Et le présent dans tout ça ? a-t-on envie de demander en sortant de la vaste rétrospective consacrée à Anselm Kiefer au Centre Georges Pompidou, qui vient merveilleusement compléter celle vue à la Bibliothèque nationale il y a quelques semaines à peine.
Pour l’artiste allemand, le présent ne semble avoir de valeur que comme possibilité d’extraire, sauver, montrer des traces du passé. Mais combien ces traces elles mêmes semblent en péril ! La terre se rétracte en cratères, les fougères, desséchées, sont sur le point de tomber en poussière, l’herbe est une poignée de paille, le fer rouillé, les livres calcinés, la machine à écrire couverte de sable, les graines tombées de la fleur de tournesol et les photos devenues illisibles… tels sont les indices du passé qu’Anselm Kiefer a rassemblés dans un ensemble d’une quarantaine de vitrines placées au cœur de cette magnifique exposition. On est loin des cabinets de curiosités de la Renaissance qui ambitionnaient de réunir l’état de la science…

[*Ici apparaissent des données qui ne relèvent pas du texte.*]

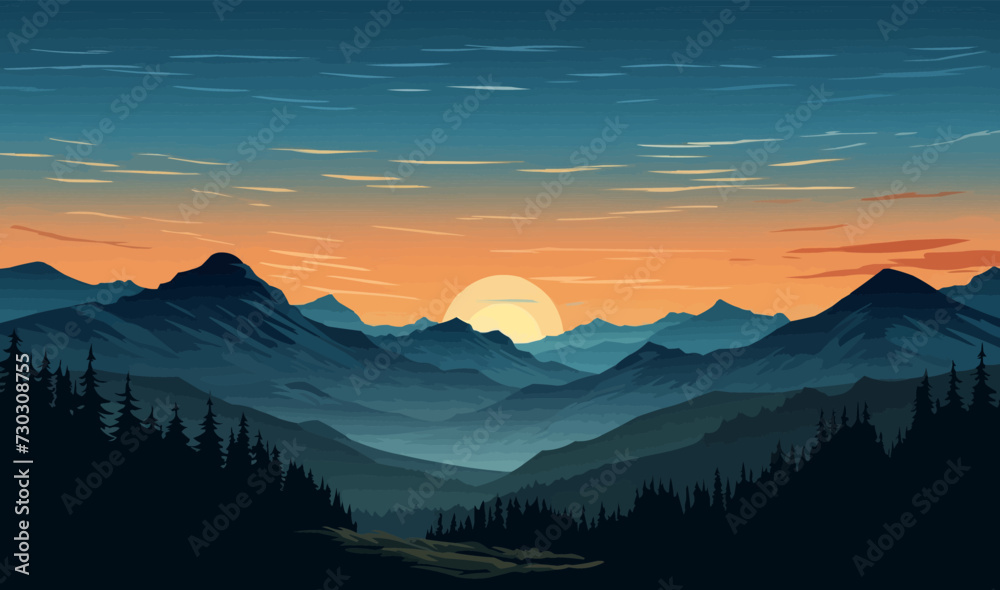 mountain landscape panorama silhouette vector background illustration
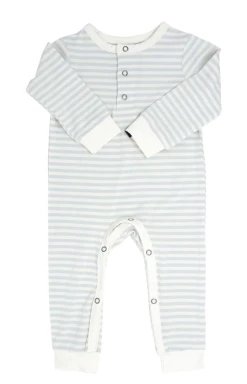 Sweet Bamboo Blue/White Stripe Long Romper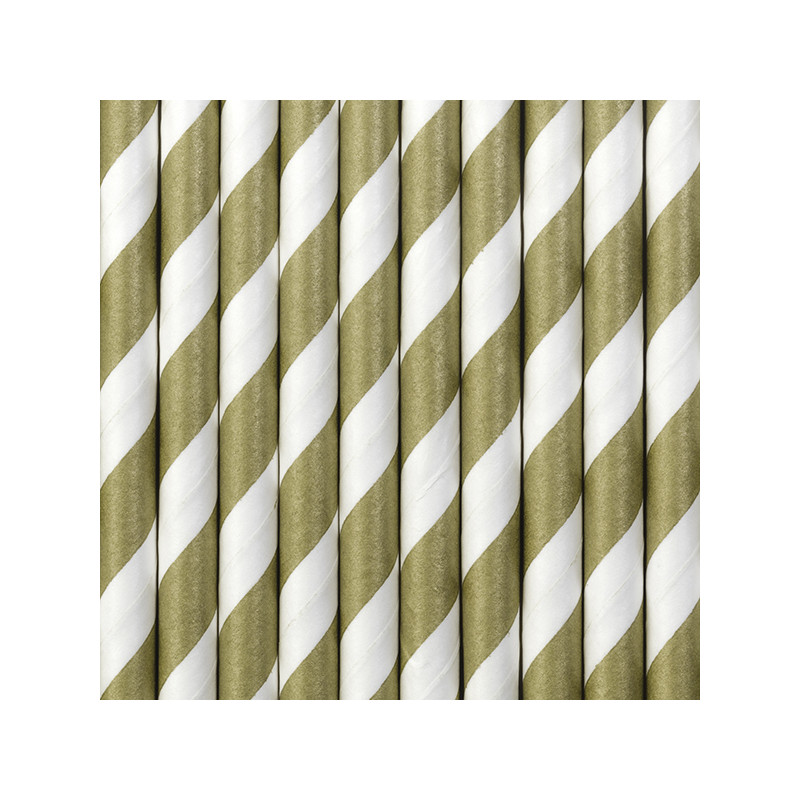 Słomki papierowe, złoty, 19,5cm (1 op. / 10 szt.)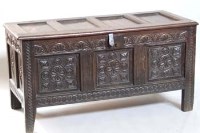 Lot 713 - Carved oak coffer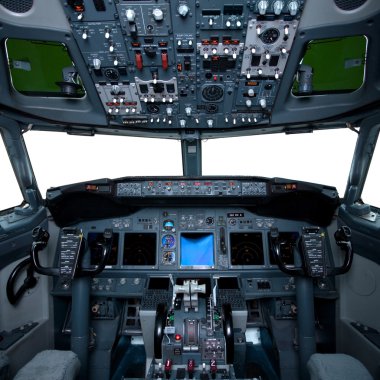 Boeing interior, cockpit view inside the airliner, isolated wind clipart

Au dessus de ces vitrines, des photos de ruines, comme tachées par l’éclat noir d’une explosion. Des photos qui renvoient à une salle entière de tableaux représentant des ruines, notamment de l’architecture nazi : bien que détruites par les bombardements alliés, Kiefer a voulu ressusciter ces constructions sur de nombreuses toiles. Lesquelles font écho aux premières peintures (et photos d’installations) de l’artiste qui, à la fin des années 1960 a commencé sa carrière en se représentant en tenue vert-de-gris faisant le salut nazi…

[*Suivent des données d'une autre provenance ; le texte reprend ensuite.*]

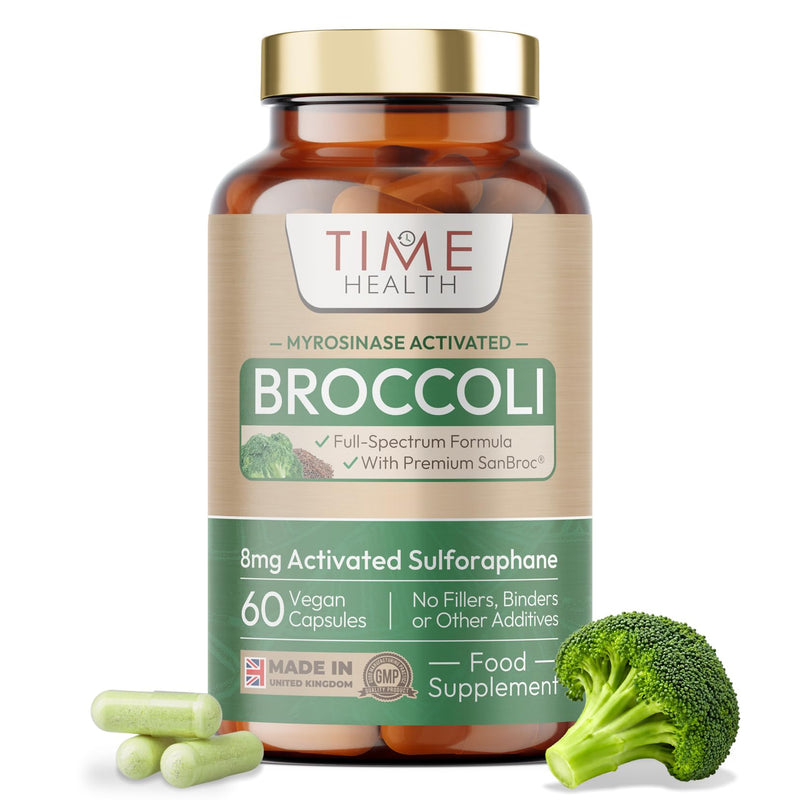 760mg Broccoli Extract – 64mg Glucoraphanin, Sulforaphane & Myrosinase – Full-Spectrum – Long-Lasting Antioxidant Properties – SanBroc® – Stomach Acid-Resistant – Vegan Supplement (60 Capsules)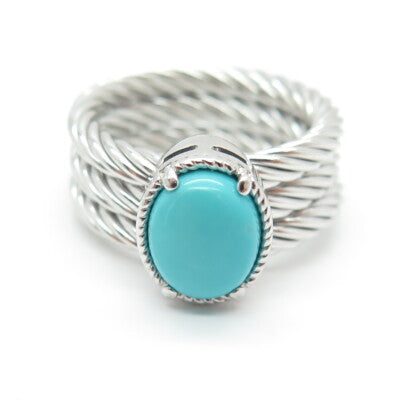 925 Sterling Silver Italy Sleeping Beauty Turquoise Multi-Row Ring Size 6.25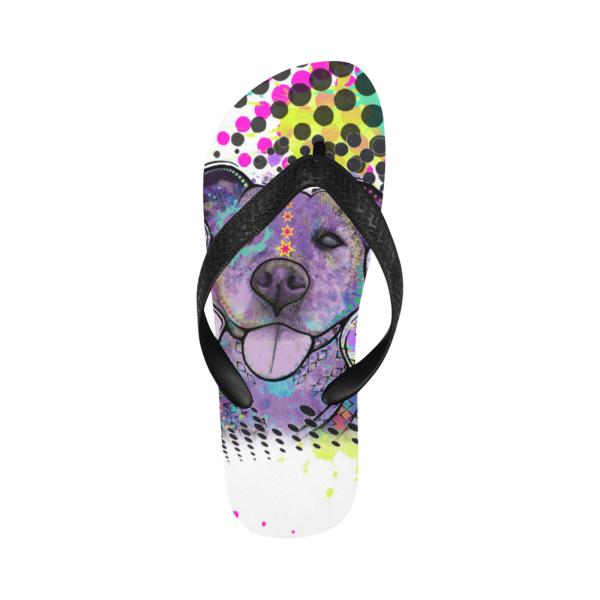 Flip Flops Hundemotiv Mäusi - Strandsandalen, Sandalen, bunt, Grösse 38-45, Unisex, AmStaff, Staffordshire, Staff, Pitbull, Pit, SOKA, Familienhunde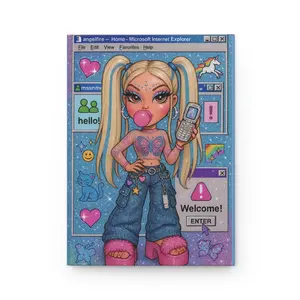 Y2K Bubblegum Girl Hardcover Journal | Retro Windows Icons, Glitter Aesthetic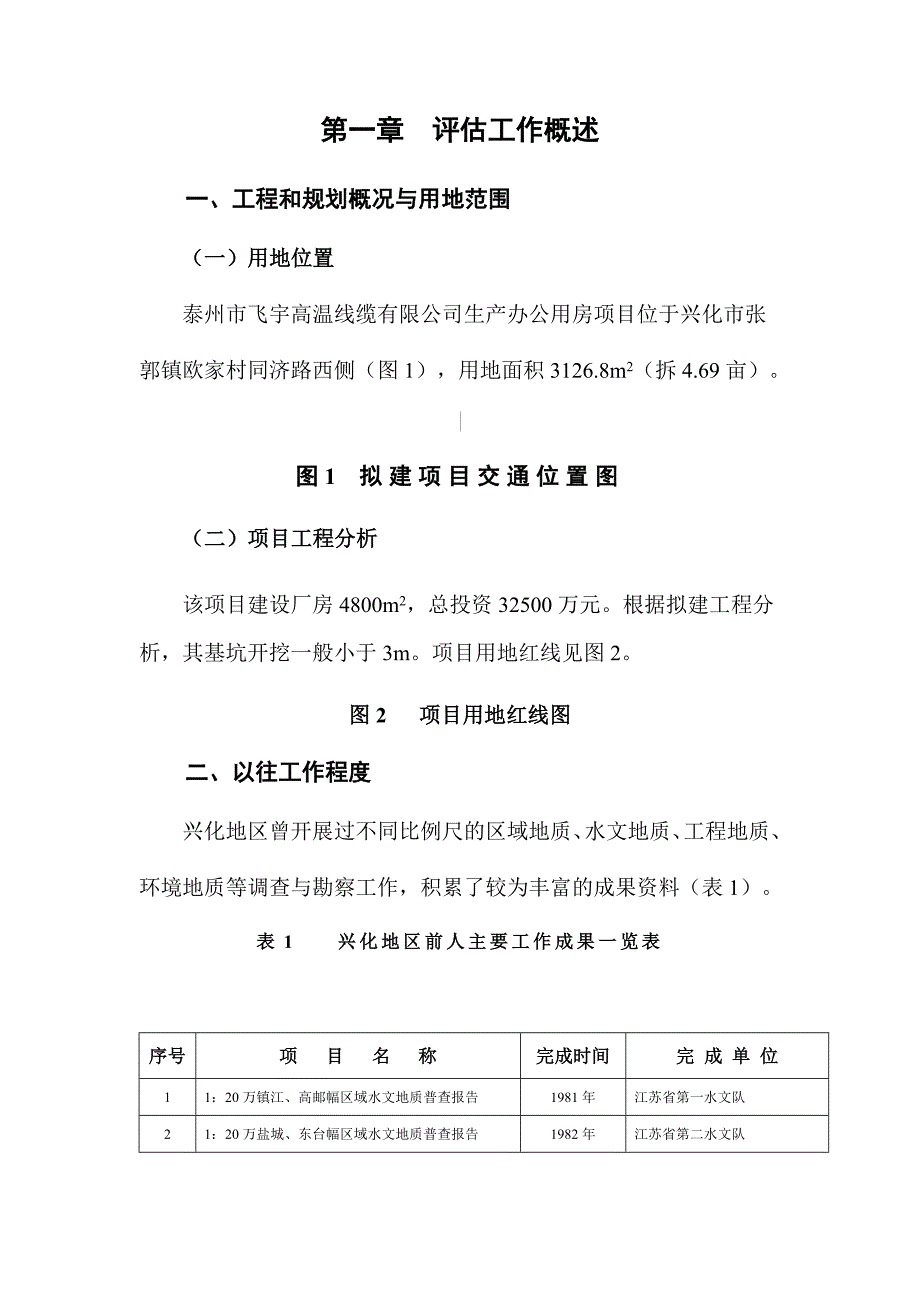 泰州市飞宇高温线缆有限公司生产办公用房项目地质灾害危险性评估报告.docx_第1页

Les formats étaient alors encore « raisonnables », mais cela n’a guère duré. Un peu plus loin, c’est sur des tableaux monumentaux que s’étalent, sous l’aspect de champs de labour en plein hiver, ce qui figure plus certainement des champs de bataille. Désolation, paysages sans horizon, couleurs de plomb… la « purge » d’une histoire qui paraît plus que jamais aussi incompréhensible que proche semble n’avoir jamais de fin. Pour Paul Celan : Fleur de cendre (2006), sans doute un des tableaux les plus impressionnants du parcours (et qui l’est assurément par ses dimensions de 7 mètres sur 3), paysage plat et sans vie accrochant quelques livres consumés, nous l’indique bravement.

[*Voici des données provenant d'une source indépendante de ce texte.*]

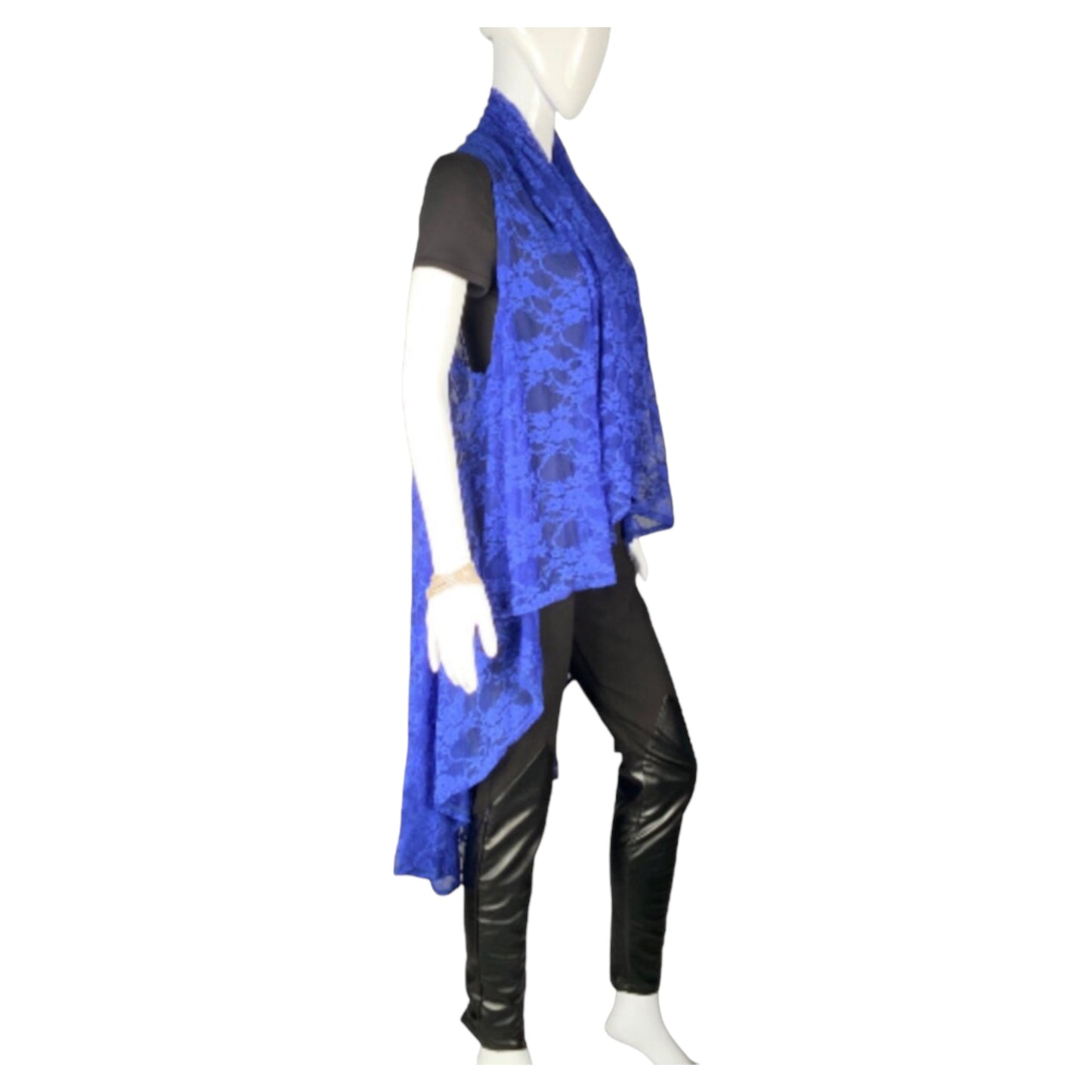 Royal Blue Lace Sleeveless Duster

Il est placé en vis-à-vis (bien que dans une salle distincte) du tableau Les Ordres de la nuit (1996) montrant un homme couché sous une forêt de tournesols. Les commentaires évoquent la posture yoguique de shavasana, la philosophie bouddhiste de la renaissance, du cycle du cosmos, le lien entre les astres et la terre symbolisé par le tournesol… Mais qui se contente de regarder peut voir un cadavre dans une forêt calcinée. Et il lui sera impossible de l’oublier.
150 œuvres, dont une soixantaine de tableaux, quelques installations et quelques livres, des photos, des œuvres sur papier (splendides aquarelles)… sur 2000 m², Anselm Kiefer explore l’Histoire, la culture germanique, les poètes, les philosophes, les mythes, y compris la Kabbale. Dans ses créations des années 1970, le motif de la palette revient souvent, à l’exemple de Resumptio (1974), où ce qui semble ainsi figurer l’artiste surplombe une tombe ornée d’une croix. Dans certains de ses paysages de forêt, un chemin se découpe dans l’horizon bouché, comme voulant porter loin le regard, ou au moins l’espoir.
Dans une autre salle, fleurissent enfin de délicats pétales, certains même colorés… Combien de ruines et de cendres l’artiste a-t-il dû remuer pour voir la vie recommencer ? Qu’importe peut-être, puisque ces fleurs sont là et, même si le parcours se termine par une installation présentant des champignons sortis de la pourriture de la guerre et gardant un lit d’hôpital, on n’oubliera pas non plus ces délicates brassées. Chez Anselm Kiefer, ce présent est si rare.